As we noted yesterday, worker shortages are proving to be a persistent issue for firms, and that potentially points to stickier inflation rates for service-sector firms where pay is a key pricing input. Still, with hiring demand falling, we suspect we’re near the peak for wage growth.
In fact – famous last words – it looks like UK headline inflation is at its peak too, or there or thereabouts. The fact that the government is effectively fixing electricity/gas unit prices below wholesale costs until next April means this is probably as high as it will get, though admittedly we expect headline rates to stay in double-digits until at least February next year.

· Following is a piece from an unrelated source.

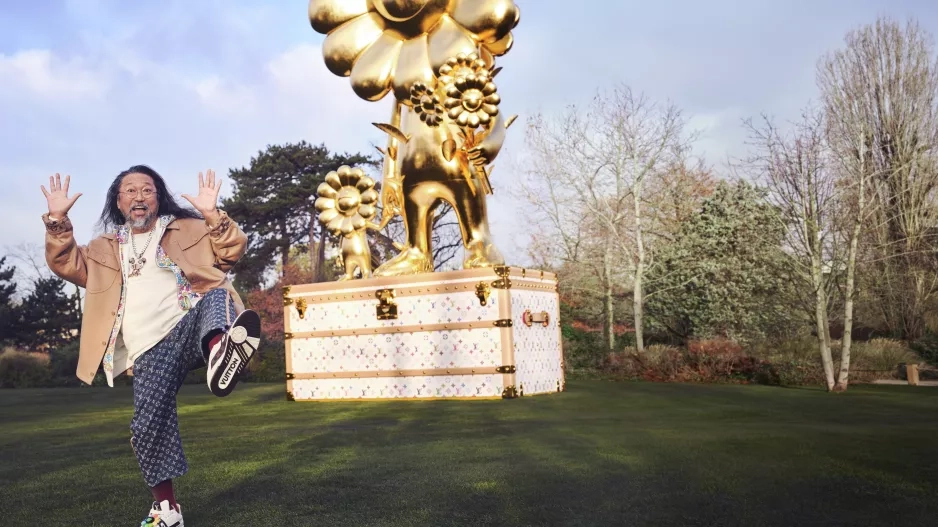 Takashi Murakami pro Louis Vuitton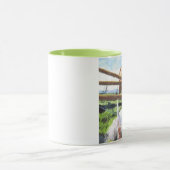 馬およびテリア マグカップ (中央)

From there, we think there are compelling reasons to expect headline inflation to drift lower through the year, ending up closer to the Bank of England’s 2% target by early 2024. That’s especially true of goods categories, where lower input/shipping prices, stalling consumer demand and rising inventory levels not only point to lower inflation rates, but potentially also outright price falls in certain areas as retailers are forced to become more aggressive with discounting. The story, as we discussed earlier, is less clear-cut for services inflation.
UK inflation in 2023 will depend a lot on how energy support evolves after April
source: Macrobond, ING
The 2023 inflation outlook will also heavily depend on how the government adapts energy support next year. We’re still awaiting detail, but one possibility is that the majority of households switch back to paying the Ofgem regulated price from April. Based on our latest estimates using wholesale energy costs, the average household would pay £3300 in fiscal-year 2023 without any government support, compared to £2500 if prices remain capped. That would initially bump up inflation rates after April by roughly 2pp.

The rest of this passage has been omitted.